Problem to work on =>
Return, word for word, every line starting at the line with "Peugeot e-2008 EV GT Pack 50 kWh" and ending at the final line of the entries; skip the pictures.

Material for this exercise =>

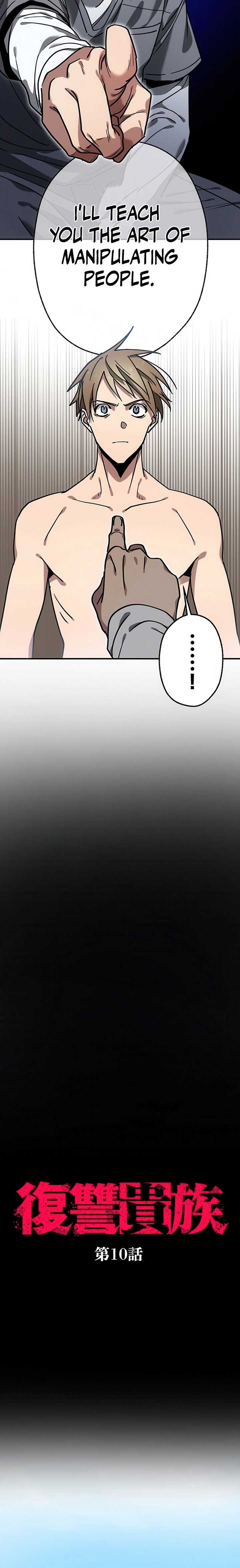 ch 10 2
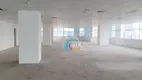 Foto 2 de Sala Comercial para alugar, 335m² em Brooklin, São Paulo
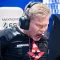 Magisk remplace officiellement stavn chez Astralis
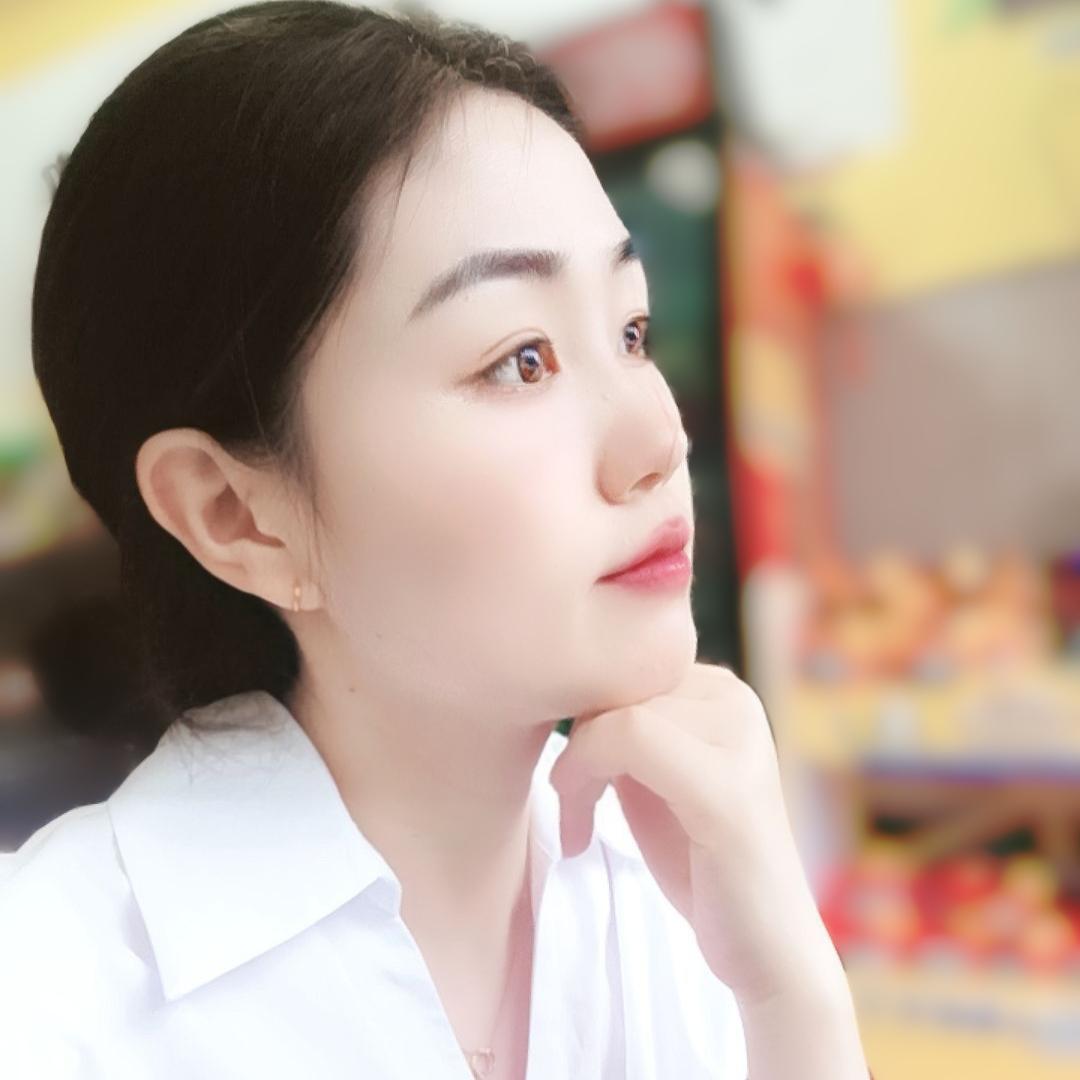 淮阳商城庙黄金~彦彦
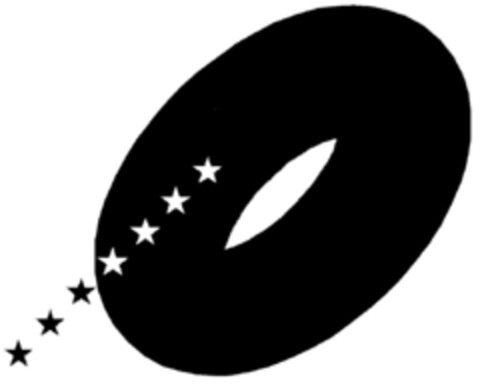 O Logo (DPMA, 27.04.1999)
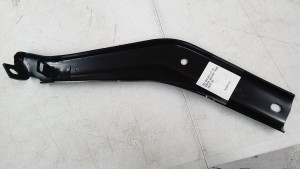 Mustang 1967 Right Hand Front Inner Bumper Bracket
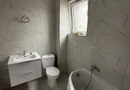 Apartament 56 mp, bloc nou, parcare inclusă, etaj 3, două balcoane, 80.000 euro TVA inclus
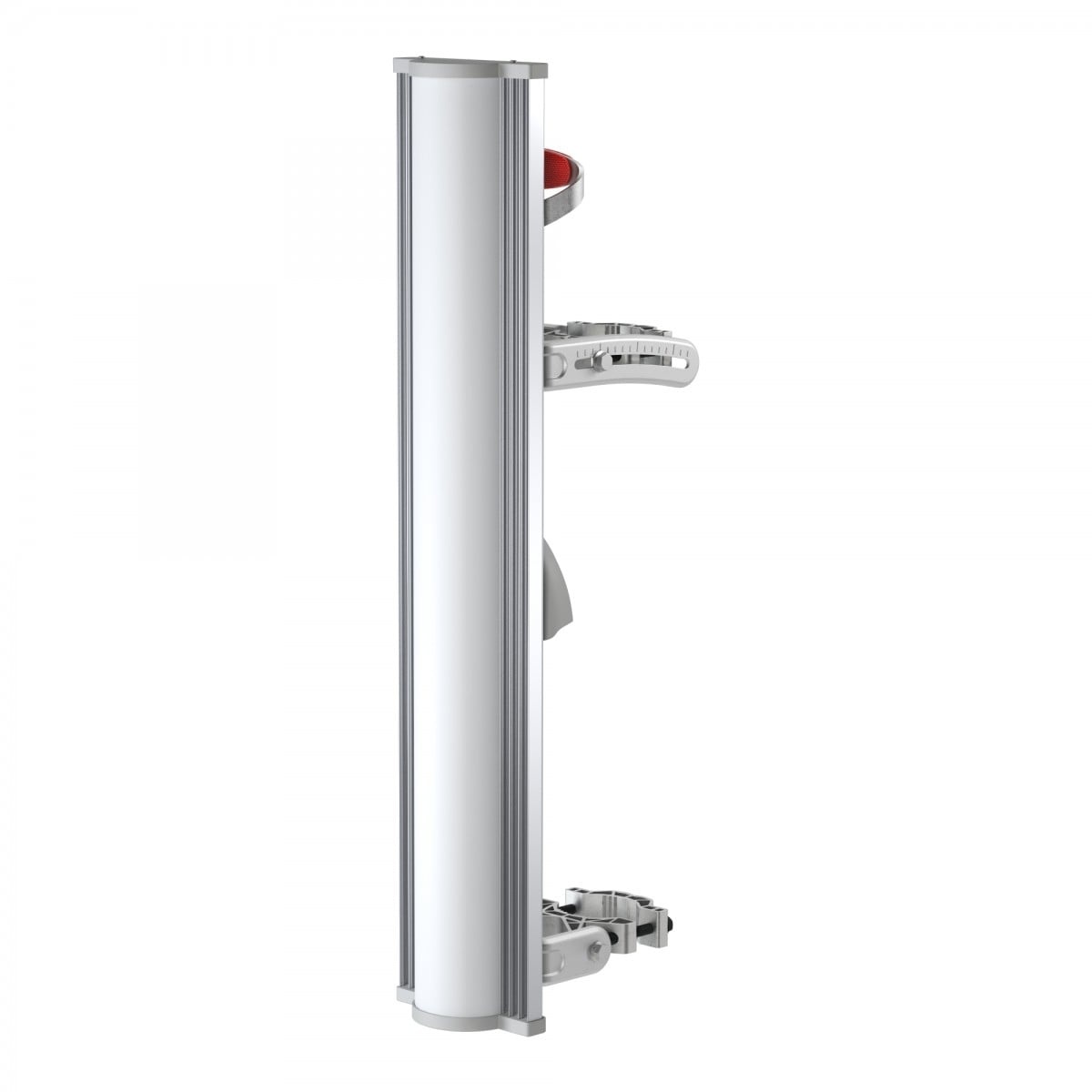 RF ELEMENTS RF Elements Array Sector 3-17 HV antenna di rete Antenna a settore RP-SMA 17,4 dBi - RETI | TecnoCARE.net Sabaudia, Latina, Terracina, San Felice Circeo e Pontinia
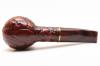 ����������� ������ Savinelli Alligator Brown 320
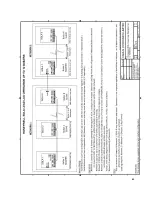 Preview for 87 page of Camus Hydronics DFH/W1100 Installation, Operation And Service Manual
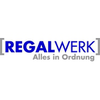 Regalwerk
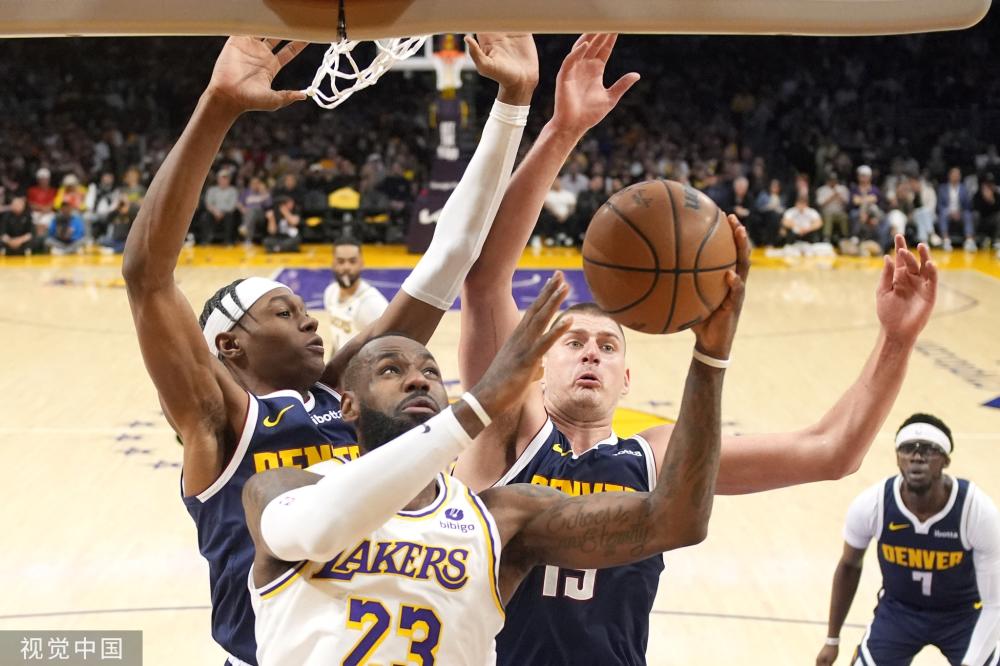 败火车头 败火车头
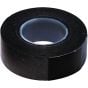 Black RUBAWRAP Self-Amalgamating Tape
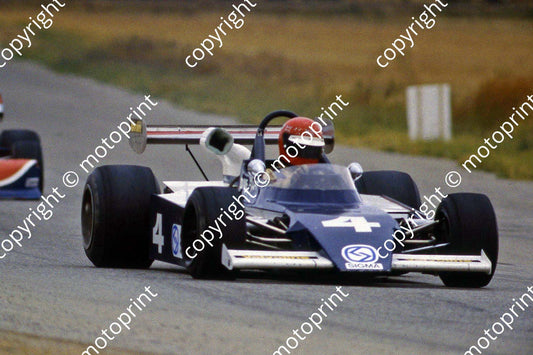1981 FA Welkom 4 Dave Hart March 802 (courtesy Roger Swan) (1)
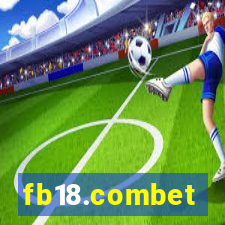 fb18.combet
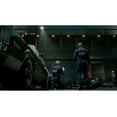 thumbnail image 6 of RoboCop: Rogue City for PlayStation 5 [New Video Game] Playstation 5, 6 of 7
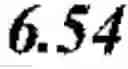 Fig. 149 - BETA-GLUCOSIDASE I VARIANTS WITH IMPROVED PROPERTIES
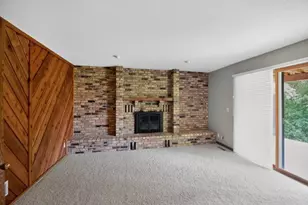 4110 Juneau Ln N, Plymouth, MN 55446 - Photo 7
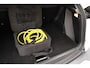 Peugeot e-2008 EV GT Pack 50 kWh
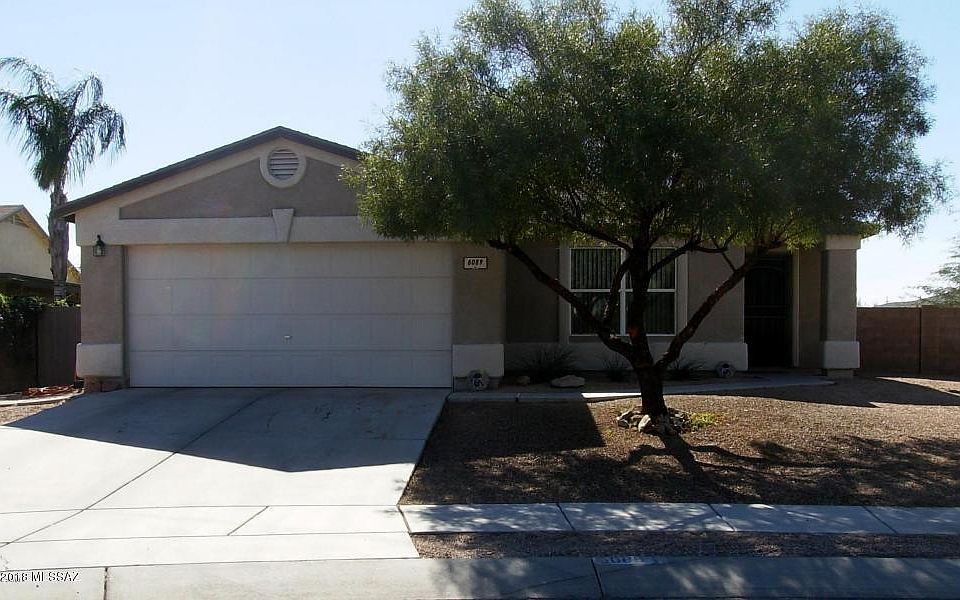 1st image of 6089 W Veiled Haven Pl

Answer section =>
 Peugeot e-2008 EV GT Pack 50 kWh
 1st image of 6089 W Veiled Haven Pl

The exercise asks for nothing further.